Kneale Mann wrote that this is what change feels like, exploring the question “who are you?”
I attended an event in Chicago this past weekend which was a chance to work with 150 really smart people and I’m so glad they let me sneak in. To some this may have appeared to be a social media convention. Social media are tools. This was not a tool convention. This was a gathering of passionate people taking about business.
…SOBCon is about full participation. If you attend, you work. And magic happens. You make new friends and business associates. I had numerous discussions with people who were asking my advice right after I sought theirs and it was a soft place to land and share.
Also, check out the many videos and interviews by CateTV during the SOBCon 2010 weekend.
How do you find the words, Liz? You listen. These are your voices, sharing your original vision of a place to share and communicate on the web, brought home to Chicago, and now spreading out around the world.
Thank you to Lorelle for writing this!







Wow. That’s a pretty amazing recap. I recommend filling your rss with these folks if you haven’t already. Anyway, that’s what I’m doing.
And can I add my recap post? “I Laughed, I Cried, I SOBConned” (inspired by Steve Woodruff’s awesome recap template.
Ready for 2011
oops. Here’s the link to Steve’s post http://brandimpact.wordpress.com/2010/05/02/the-post-conference-re-cap-template/
Liz, This post captured the essence of #SobCon. It’s the human condition at work at its best. Rich with content and varied heartfelt thought. A conscious shift in growth which has manifested so many ways for me personally: in relationships, and a wealth of information. The experience has me completely thinking differently about my work. Not just the how – but the why. You might have to stage a lottery to get in for next year.
Ben and Judy,
I’m grateful to Lorelle for pulling this together. I’m grateful to all of you for picking up what I brought and building that barn.

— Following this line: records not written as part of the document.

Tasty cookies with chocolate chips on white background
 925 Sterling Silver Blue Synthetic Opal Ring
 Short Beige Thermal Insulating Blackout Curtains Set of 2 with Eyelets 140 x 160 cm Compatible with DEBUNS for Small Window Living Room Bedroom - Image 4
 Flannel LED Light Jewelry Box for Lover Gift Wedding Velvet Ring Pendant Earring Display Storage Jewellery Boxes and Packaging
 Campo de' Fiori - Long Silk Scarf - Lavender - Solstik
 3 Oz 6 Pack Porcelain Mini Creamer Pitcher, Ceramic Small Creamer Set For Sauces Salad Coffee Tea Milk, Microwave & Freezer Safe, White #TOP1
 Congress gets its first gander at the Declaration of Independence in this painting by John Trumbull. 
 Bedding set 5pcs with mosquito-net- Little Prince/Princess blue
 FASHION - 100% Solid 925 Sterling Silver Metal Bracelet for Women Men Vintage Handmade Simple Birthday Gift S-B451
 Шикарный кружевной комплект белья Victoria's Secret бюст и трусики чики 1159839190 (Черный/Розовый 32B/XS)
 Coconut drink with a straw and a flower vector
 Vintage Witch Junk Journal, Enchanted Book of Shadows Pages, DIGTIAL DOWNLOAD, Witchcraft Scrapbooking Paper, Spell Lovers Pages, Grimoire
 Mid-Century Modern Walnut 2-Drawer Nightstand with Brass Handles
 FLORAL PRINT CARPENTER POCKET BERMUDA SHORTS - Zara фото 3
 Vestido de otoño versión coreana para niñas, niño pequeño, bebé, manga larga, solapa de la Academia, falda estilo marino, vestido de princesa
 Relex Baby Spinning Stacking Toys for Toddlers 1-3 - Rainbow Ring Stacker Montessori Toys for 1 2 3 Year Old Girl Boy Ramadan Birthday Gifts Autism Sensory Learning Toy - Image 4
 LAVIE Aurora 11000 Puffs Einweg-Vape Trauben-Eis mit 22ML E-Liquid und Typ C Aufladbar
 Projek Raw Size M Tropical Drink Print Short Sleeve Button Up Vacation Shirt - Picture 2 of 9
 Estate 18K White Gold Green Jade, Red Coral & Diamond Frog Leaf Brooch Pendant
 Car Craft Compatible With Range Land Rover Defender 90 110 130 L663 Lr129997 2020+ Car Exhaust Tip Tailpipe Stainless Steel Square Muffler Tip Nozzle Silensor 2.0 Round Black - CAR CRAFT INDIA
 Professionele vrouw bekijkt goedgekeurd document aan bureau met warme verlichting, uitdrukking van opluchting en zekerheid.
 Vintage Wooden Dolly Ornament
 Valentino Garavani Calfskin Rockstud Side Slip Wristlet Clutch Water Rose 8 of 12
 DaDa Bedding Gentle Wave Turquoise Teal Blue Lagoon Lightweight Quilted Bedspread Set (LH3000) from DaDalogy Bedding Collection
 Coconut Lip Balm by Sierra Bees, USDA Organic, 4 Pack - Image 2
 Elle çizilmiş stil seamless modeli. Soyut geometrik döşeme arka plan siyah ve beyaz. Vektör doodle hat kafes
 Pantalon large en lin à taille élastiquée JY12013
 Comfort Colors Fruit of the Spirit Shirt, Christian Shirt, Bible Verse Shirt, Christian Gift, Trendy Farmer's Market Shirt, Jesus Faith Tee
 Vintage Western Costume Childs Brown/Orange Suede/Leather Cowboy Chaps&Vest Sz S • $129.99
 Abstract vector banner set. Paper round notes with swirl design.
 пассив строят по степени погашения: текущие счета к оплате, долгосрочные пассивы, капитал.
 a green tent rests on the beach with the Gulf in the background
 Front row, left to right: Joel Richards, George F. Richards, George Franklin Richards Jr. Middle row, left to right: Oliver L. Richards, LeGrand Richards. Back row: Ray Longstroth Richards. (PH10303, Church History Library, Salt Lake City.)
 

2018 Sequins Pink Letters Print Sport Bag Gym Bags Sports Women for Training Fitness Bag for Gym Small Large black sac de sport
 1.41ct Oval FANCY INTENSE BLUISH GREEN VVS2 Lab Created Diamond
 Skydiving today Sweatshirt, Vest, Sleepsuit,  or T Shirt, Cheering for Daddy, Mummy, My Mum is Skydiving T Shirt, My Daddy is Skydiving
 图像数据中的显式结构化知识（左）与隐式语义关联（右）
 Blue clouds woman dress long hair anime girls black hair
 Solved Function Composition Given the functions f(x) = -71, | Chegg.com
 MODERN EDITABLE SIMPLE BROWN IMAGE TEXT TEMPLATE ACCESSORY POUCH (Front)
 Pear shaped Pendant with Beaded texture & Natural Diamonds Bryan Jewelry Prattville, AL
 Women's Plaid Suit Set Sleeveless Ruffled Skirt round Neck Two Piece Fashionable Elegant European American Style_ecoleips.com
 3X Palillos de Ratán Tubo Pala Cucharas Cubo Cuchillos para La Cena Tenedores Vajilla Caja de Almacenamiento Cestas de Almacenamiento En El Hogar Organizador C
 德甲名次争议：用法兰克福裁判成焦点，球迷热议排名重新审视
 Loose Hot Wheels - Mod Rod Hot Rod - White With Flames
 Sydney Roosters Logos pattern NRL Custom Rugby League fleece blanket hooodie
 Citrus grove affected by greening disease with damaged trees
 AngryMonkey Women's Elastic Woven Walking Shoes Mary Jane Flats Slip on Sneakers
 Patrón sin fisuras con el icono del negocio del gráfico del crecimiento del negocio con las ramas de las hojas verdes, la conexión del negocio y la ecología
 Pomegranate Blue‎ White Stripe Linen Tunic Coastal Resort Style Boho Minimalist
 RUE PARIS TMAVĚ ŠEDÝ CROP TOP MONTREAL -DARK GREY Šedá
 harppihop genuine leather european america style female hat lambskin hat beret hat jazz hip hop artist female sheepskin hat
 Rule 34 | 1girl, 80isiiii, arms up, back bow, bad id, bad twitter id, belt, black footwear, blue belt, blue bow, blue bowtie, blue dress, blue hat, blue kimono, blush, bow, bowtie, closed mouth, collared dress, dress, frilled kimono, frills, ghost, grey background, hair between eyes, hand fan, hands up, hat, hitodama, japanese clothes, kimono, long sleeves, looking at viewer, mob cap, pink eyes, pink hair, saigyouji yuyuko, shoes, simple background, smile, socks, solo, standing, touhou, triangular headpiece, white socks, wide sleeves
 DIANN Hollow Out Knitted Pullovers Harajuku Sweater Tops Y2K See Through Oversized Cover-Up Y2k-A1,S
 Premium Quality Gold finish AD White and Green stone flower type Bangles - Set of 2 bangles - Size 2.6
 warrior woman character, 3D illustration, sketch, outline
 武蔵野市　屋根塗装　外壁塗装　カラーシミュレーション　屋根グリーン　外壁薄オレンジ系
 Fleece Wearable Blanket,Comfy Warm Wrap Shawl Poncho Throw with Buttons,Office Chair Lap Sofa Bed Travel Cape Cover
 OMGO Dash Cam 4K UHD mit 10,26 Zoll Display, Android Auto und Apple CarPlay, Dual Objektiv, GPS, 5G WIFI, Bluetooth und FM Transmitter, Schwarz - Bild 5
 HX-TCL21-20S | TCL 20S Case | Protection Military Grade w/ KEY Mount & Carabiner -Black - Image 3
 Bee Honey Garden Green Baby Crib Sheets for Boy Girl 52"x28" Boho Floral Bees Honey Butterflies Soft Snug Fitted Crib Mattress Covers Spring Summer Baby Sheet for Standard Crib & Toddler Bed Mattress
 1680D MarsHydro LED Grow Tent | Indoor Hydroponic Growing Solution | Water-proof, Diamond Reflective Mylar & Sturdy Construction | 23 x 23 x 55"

SOBCon sure is something special, but it’s the people who come, commit, and converse with other who make it work. I’m just as lucky as anyone to be a part!
I sure like that lottery image.
Excellent recap. The videos reminded me how fun SOBCon was and WHY I will be back next year. It’s the People … Silly!
As a first-time attendee, I gotta say the vibe was unreal. There were no “rock stars” or egos in the room. Everyone was gracious, generous and energetic. Completely addictive and yes, Jeff, I’ll be there next year too!
I made some real connections and came away with “concrete” tools I can use (and have already) to build not only a better business, but a better life. What’s better than that, right?
It was great to re-read many of these reminders of the lessons from SOBCon. Thanks for the list. I was the absent attendee watching and listening in from home, and even by doing that I had many great take aways.